Jesús había dicho: “Miren, voy a enviar sobre ustedes la Promesa de mi Padre. Por su parte permanezcan en la ciudad hasta que ustedes sean revestidos de poder de lo alto” (Lc24,49). Nosotros ya conocemos los efectos de la acción del Espíritu Santo en los corazones de los Apóstoles, según nos testimonia el libro de los Hechos de los Apóstoles. El milagro de Pentecostés consiste en la conversión de unos hombres débiles en la fe y la esperanza, cobardes y sin capacidad interior de salir a evangelizar para anunciar a Jesucristo como único Salvador de toda la humanidad.
Los discípulos habían recibido el mandato: “Vayan por todo el mundo y proclamen el Evangelio a toda la creación” (Mc 16,15). Pero también el Señor Jesús les advirtió que no sería una tarea fácil, al contrario, pues “a ustedes los entregarán a la tortura y los matarán, y serán odiados de todas las naciones por causa de mi nombre” (Mt 24,9). Los Apóstoles con razón no se sienten con las fuerzas de abarcar el mundo entero y de enfrentar peligros de tal naturaleza que les pueda significar persecución y martirio.

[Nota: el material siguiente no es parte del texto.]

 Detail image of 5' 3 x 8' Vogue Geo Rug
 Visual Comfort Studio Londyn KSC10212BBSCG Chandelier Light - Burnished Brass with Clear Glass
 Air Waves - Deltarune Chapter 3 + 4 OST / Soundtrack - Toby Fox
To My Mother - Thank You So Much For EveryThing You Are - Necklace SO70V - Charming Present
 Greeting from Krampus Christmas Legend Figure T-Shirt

¿Qué pasó con estos apóstoles que, “estando cerradas, por miedo a los judíos, las puertas del lugar donde se encontraban los discípulos” (Jn20,19), salen resueltamente a predicar a esos mismos judíos a quienes tanto temían? Además, ¿cómo explicar la extrañeza de los judíos al ver “la valentía de Pedro y Juan, y sabiendo que eran hombres sin instrucción ni cultura, por ello estaban maravillados” (Hch4,13).

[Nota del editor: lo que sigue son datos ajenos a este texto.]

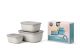 Mepal Multi Bowl Cirqula Rectangular Set 3pc - High (Nordic White)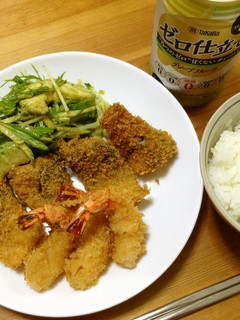 アジとエビのフライ-レシピのメイン写真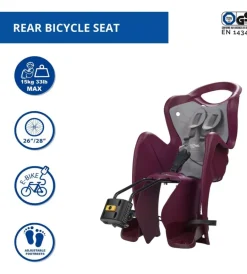 Bici- Seggiolino posteriore per bicicletta bellelli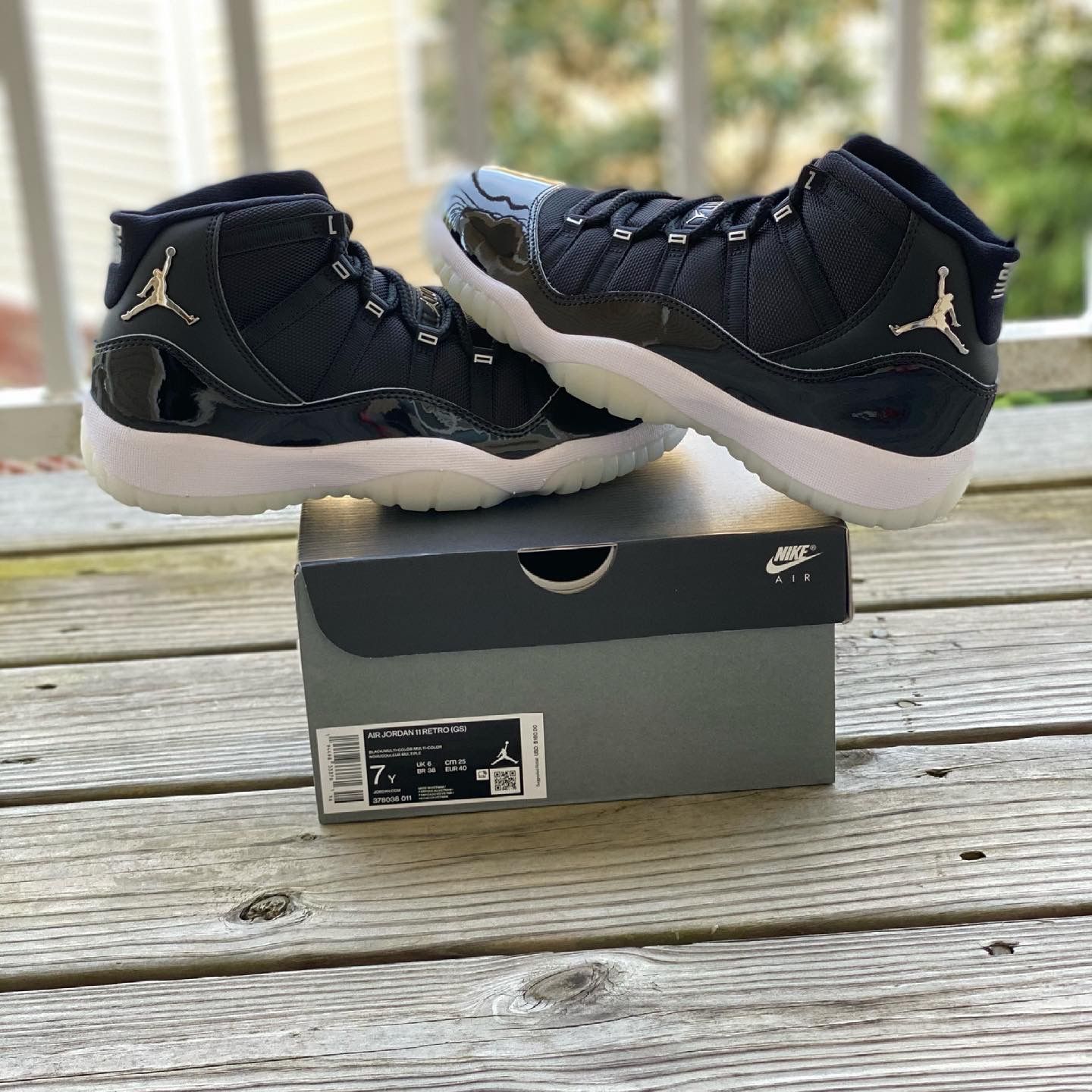 BRAND NEW JORDAN 11 “JUBILEE” FOR SALE!!! GRADE SCHOOL SIZE 7 $250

La explicación no es natural, sino sobrenatural, como lo dice el mismo San Pedro: “Sucederá en los últimos días, dice Dios: Derramaré mi Espíritu sobre toda carne, y profetizarán sus hijos y sus hijas; sus jóvenes verán visiones y sus ancianos soñarán sueños” (Hch2,17).
Después de la triple negación de Pedro y la dispersión de los Apóstoles abandonando a Jesús en su Pasión, suceden dos cosas de la máxima importancia que causan este cambio de actitud tan extremo. El primer acontecimiento es la Resurrección de Cristo y el segundo es Pentecostés.
Después de más de dos mil años esto no ha cambiado. Cristo vive resucitado para siempre y nunca deja de enviarnos el Espíritu Santo de junto al Padre. Como preparación a Pentecostés, pidamos que el Espíritu Santo ilumine nuestras inteligencias, inflame nuestros corazones y nos haga apóstoles de Cristo.